Last edited by John Liebson on December 7th, 2021, 3:14 pm, edited 1 time in total.
I assume you're using a IMAP account. Try copying the message to a folder in the "Local Folders" special account and then scroll the local copy. If its slow then the problem is probably with Thunderbird (or its environment). If its normal then you might have been running into either a problem with your Internet connection (between the router and the server) or the IMAP server.
If you have other accounts, does the problem occur with them too?
I don't have any experience with Windows 11 and have only noticed a few other posts mentioning it, so I have no idea if you're running into some sort of windows driver related problem or not.
Try unchecking "use hardware acceleration when available" in tools -> preferences and restarting Thunderbird. It sometimes causes performance problems even with a fast graphics card.
It can be very useful to also have a Gmail IMAP account when you want to troubleshoot something. If the problem doesn't occur with Gmail then you know its account specific. Gmail is also popular enough anybody trying to help you frequently knows how it behaves etc.
1. Centurylink account is POP.
2. Turned off hardware acceleration, no change.
3. Copied sent letter than took a minute using CLink into a Gmail Imap account message, using my Clink address to receive it, which was sent in about two seconds, and received almost instantly. If the problem is between the router and the internet, it is only with smtp.centurylink.net. I wonder if there is a method of installing a new copy of that?
4. I rather doubt that there is a driver problem, given that a. the email delay only started a few weeks ago, and b. I don't see any other problems with any other programs; that does not mean that there are no such, only that if they exist, I've not noticed them.
It should only make a small difference but why are you using a 32-bit version of Thunderbird on a Windows 11 PC? It requires a 64-bit CPU.
Do you have any problems scrolling messages in the Gmail IMAP account? That's fetching portions of a message stored on a remote folder on the IMAP server and temporarily storing it just in memory (not on your hard disk) every time you open it. Lot more overhead/latency than reading a downloaded message in a POP account.

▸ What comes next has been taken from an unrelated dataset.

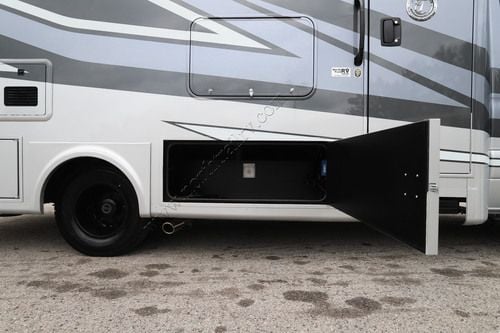 2027 Tiffin Motor Homes Wayfarer 25RW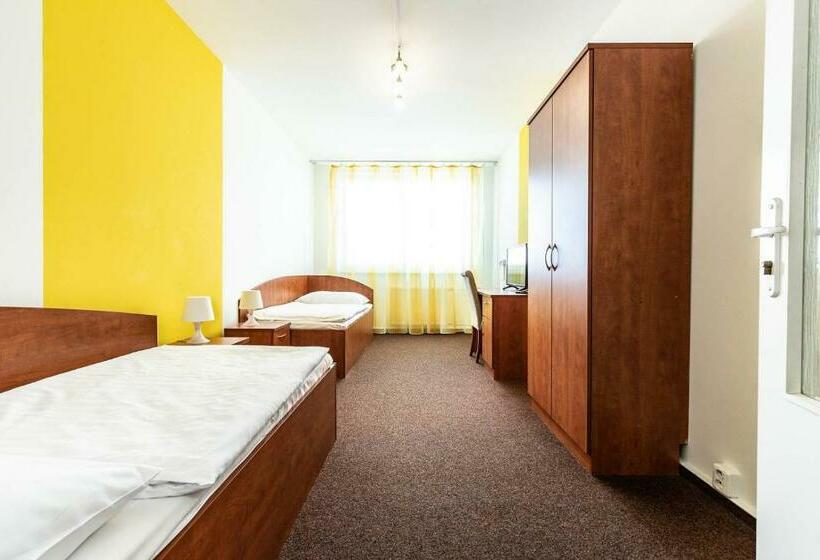 스탠다드 룸, Krystal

See if http://kb.mozillazine.org/Performance_-_Thunderbird or http://kb.mozillazine.org/Toolbar_or_wi ... ot_working gives you any ideas.
Scrolling? I am asking about very slow delivery of email, nothing to do with scrolling.
I am using a 32-bit version of Tb, as I have for well over five years with no problem on two 64-bit CPUs. However, you may be on to something to do with slow email delivery; perhaps it is caused by a recent update to Windows 11, so it worthwhile to transfer to a 64-bit version of Tb, to see if that fixes the problem.
Okay. I got confused by your first post.
Do you have a performance problem sending email using the Gmail account?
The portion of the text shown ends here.